Data supplied:
--------------------

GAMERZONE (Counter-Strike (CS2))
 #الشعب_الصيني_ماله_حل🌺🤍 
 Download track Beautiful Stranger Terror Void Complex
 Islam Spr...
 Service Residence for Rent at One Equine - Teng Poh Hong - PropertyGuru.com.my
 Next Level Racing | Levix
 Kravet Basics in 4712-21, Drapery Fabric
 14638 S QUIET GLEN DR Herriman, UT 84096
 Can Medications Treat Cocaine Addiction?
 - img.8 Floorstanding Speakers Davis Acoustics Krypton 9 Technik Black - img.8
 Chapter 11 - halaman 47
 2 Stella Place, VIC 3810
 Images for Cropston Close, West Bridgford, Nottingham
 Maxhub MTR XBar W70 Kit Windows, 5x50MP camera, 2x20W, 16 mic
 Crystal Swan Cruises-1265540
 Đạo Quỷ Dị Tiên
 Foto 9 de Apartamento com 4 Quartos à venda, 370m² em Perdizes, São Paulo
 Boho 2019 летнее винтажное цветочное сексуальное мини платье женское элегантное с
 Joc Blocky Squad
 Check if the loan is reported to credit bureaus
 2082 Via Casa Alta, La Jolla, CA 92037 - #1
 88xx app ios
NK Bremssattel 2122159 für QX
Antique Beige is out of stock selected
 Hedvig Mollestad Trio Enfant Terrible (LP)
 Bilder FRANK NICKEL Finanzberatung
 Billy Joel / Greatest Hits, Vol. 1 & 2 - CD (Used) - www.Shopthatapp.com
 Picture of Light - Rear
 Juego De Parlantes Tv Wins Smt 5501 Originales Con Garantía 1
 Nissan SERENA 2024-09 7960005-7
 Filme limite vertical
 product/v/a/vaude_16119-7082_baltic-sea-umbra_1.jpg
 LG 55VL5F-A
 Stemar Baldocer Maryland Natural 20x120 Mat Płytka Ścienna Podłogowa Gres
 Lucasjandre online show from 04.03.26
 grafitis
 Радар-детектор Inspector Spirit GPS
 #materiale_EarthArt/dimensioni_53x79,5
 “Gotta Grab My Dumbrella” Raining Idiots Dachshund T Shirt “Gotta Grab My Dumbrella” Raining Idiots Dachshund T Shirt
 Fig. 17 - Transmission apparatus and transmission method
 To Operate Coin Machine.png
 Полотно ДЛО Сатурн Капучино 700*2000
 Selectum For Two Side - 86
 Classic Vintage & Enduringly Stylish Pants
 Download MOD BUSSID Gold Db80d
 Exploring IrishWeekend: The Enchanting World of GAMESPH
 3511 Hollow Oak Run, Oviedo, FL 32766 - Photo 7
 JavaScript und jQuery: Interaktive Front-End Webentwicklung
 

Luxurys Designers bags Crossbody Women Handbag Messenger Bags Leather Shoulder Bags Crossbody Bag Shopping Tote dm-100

--------------------

Task goal: Among the records above, a stretch begins at the line containing "Can Medications Treat Cocaine Addiction?" and ends at the line containing "Filme limite vertical". Restate that stretch word for word, and nothing else.

Final answer:
 Can Medications Treat Cocaine Addiction?
 - img.8 Floorstanding Speakers Davis Acoustics Krypton 9 Technik Black - img.8
 Chapter 11 - halaman 47
 2 Stella Place, VIC 3810
 Images for Cropston Close, West Bridgford, Nottingham
 Maxhub MTR XBar W70 Kit Windows, 5x50MP camera, 2x20W, 16 mic
 Crystal Swan Cruises-1265540
 Đạo Quỷ Dị Tiên
 Foto 9 de Apartamento com 4 Quartos à venda, 370m² em Perdizes, São Paulo
 Boho 2019 летнее винтажное цветочное сексуальное мини платье женское элегантное с
 Joc Blocky Squad
 Check if the loan is reported to credit bureaus
 2082 Via Casa Alta, La Jolla, CA 92037 - #1
 88xx app ios
NK Bremssattel 2122159 für QX
Antique Beige is out of stock selected
 Hedvig Mollestad Trio Enfant Terrible (LP)
 Bilder FRANK NICKEL Finanzberatung
 Billy Joel / Greatest Hits, Vol. 1 & 2 - CD (Used) - www.Shopthatapp.com
 Picture of Light - Rear
 Juego De Parlantes Tv Wins Smt 5501 Originales Con Garantía 1
 Nissan SERENA 2024-09 7960005-7
 Filme limite vertical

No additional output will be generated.